加熱を行なう時間は本発明の効果を著しく損なわない限り任意であるが、通常30秒以上、好ましくは1分以上、より好ましくは2分以上、また、通常5時間以下、好ましくは2時間以下、より好ましくは1時間以下である。加熱時間が短すぎると不要な界面活性剤を取り除けなくなる可能性があり、長すぎるとアルコキシシラン化合物の反応が進み、透光基板との密着性が低くなる可能性がある。
加熱を行なう際の圧力は本発明の効果を著しく損なわない限り任意であるが、減圧環境としてもよく、加熱工程では、圧力を、通常0.2MPa以下、好ましくは0.15MPa以下、より好ましくは0.1MPa以下とする。一方、圧力の下限に制限は無いが、通常10−4MPa以上、好ましくは10−3MPa以上、より好ましくは10−2MPa以上である。圧力が低すぎるとアルコキシシラン化合物の反応よりも有機溶媒の気化が進行し、吸湿性の高いシリカ系多孔質膜となりやすく、外部環境による屈折率変化を伴うシリカ系多孔質膜となる可能性がある。
加熱を行なう際の雰囲気は本発明の効果を著しく損なわない限り任意であるが、中でも、乾燥ムラの生じにくい環境が好ましい。特に大気雰囲気下で加熱を行なうことが好ましい。また、不活性ガス処理を行ない、不活性雰囲気下で乾燥を行なうことも可能である。
以上のように、加熱処理を行なうことによりシリカ系多孔質膜を得ることができるが、加熱工程の後に、必要に応じて冷却工程や後処理工程等を実施することも可能である。
1−4.冷却工程
冷却工程とは、加熱工程で高温となったシリカ系多孔質膜を冷却する工程である。この際、冷却速度は本発明の効果を著しく損なわない限り任意であるが、通常0.1℃/分以上、好ましくは0.5℃/分以上、より好ましくは0.8℃/分以上、更に好ましくは1℃/分以上、また、通常100℃/分以下、好ましくは50℃/分以下、より好ましくは30℃/分以下、更に好ましくは20℃/分以下である。冷却速度が遅すぎると製造コストが高くなる可能性があり、速すぎると局所的なクラックの原因となる可能性がある。

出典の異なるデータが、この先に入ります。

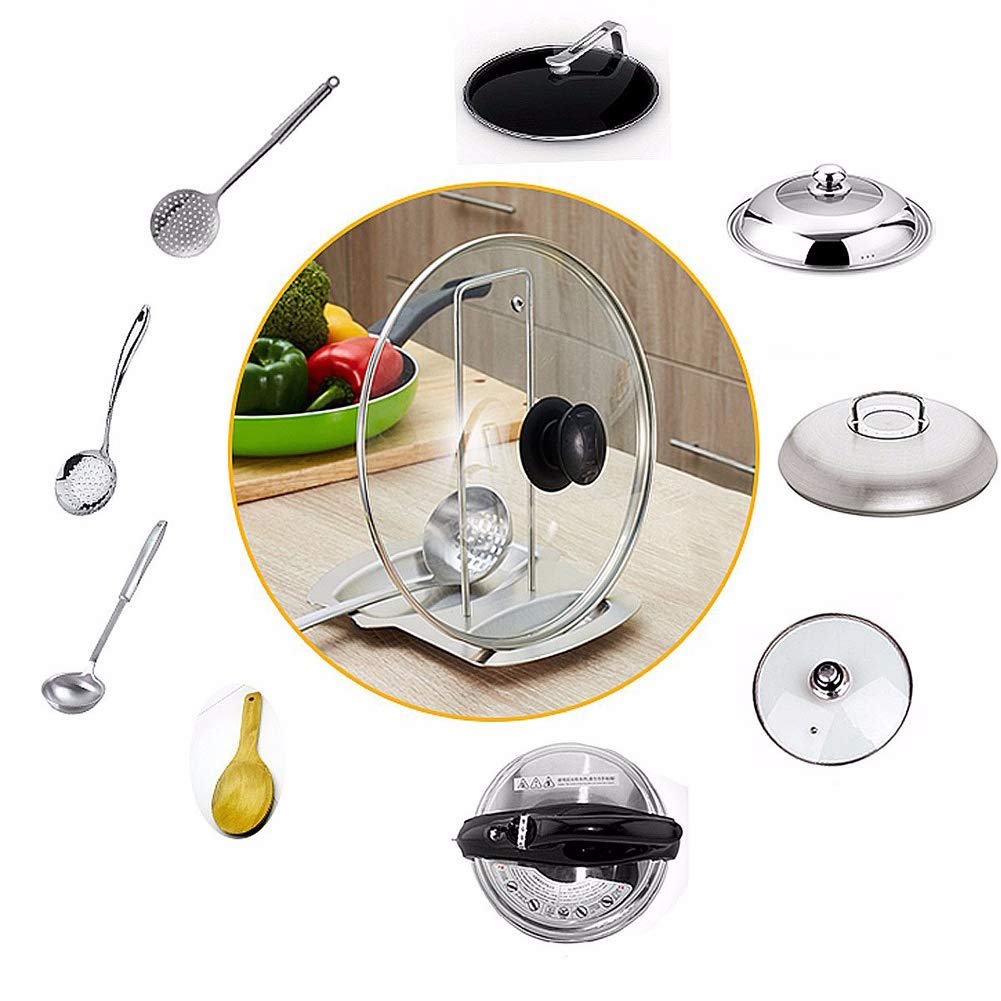 Pot Lid Holder Spoon Rest,Stainless Steel Utensils Pan Pot Cover Lid Rack Stand Organizer,Multifunctional Storage Soup Spoon Res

また、冷却工程における雰囲気は本発明の効果を著しく損なわない限り任意であり、例えば、真空環境、不活性ガス環境であってもよい。さらに、温度及び湿度に制限は無いが、通常は常温・常湿で冷却することが好ましい。
1−5.後処理工程
後処理工程で行なう具体的な操作に制限は無いが、例えば、得られたシリカ系多孔質膜をシリル化剤で処理することで、シリカ系多孔質膜の表面をより機能性に優れたものにできる。具体例を挙げると、シリル化剤で処理することにより、シリカ系多孔質膜に疎水性が付与され、膜表面や膜中の細孔が汚染されるのを防ぐことができる。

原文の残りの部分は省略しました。